## INSTRUCTIONS FOR THE TASK
Everything below from the line with "10ktt IBGoodman Men's" through the line with "Pleaser ADORE-1020SP Plateau" must be retyped exactly, except the pictures.

## MATERIAL TO PROCESS

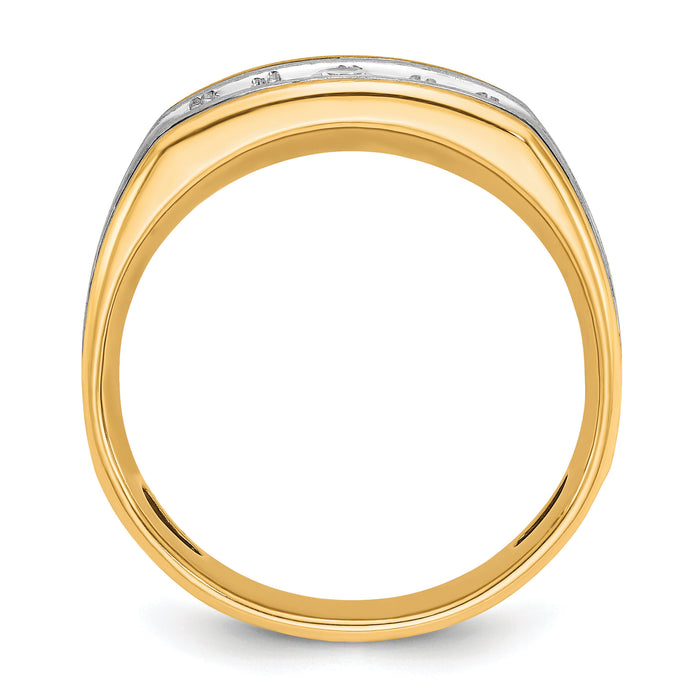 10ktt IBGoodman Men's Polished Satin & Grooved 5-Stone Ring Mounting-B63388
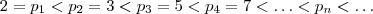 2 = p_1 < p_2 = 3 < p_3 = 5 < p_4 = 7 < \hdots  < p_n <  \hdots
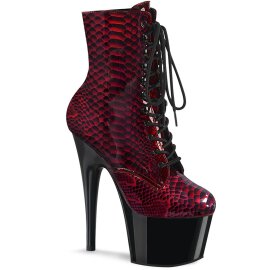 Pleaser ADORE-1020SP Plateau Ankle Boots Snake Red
--
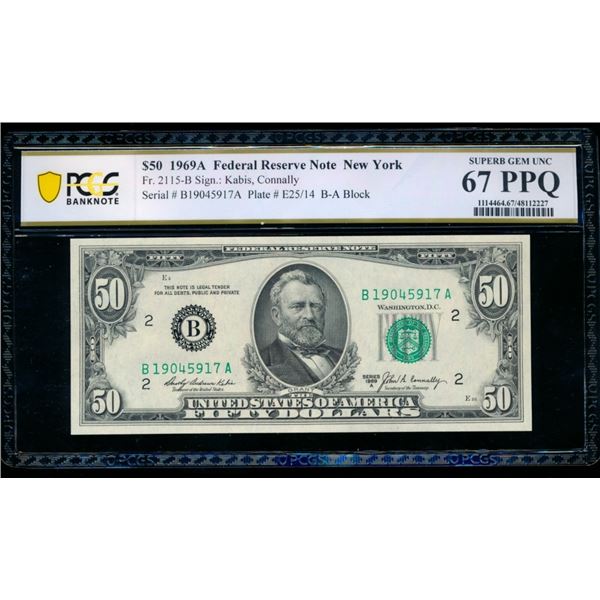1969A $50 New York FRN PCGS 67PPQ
* * *
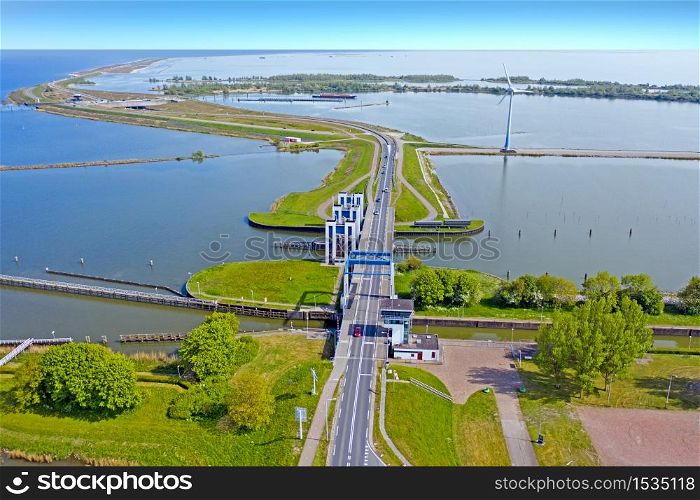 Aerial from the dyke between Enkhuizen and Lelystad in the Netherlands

## SOLUTION FOR THIS PROBLEM
 10ktt IBGoodman Men's Polished Satin & Grooved 5-Stone Ring Mounting-B63388
 2 = p_1 < p_2 = 3 < p_3 = 5 < p_4 = 7 < \hdots  < p_n <  \hdots
 Pleaser ADORE-1020SP Plateau Ankle Boots Snake Red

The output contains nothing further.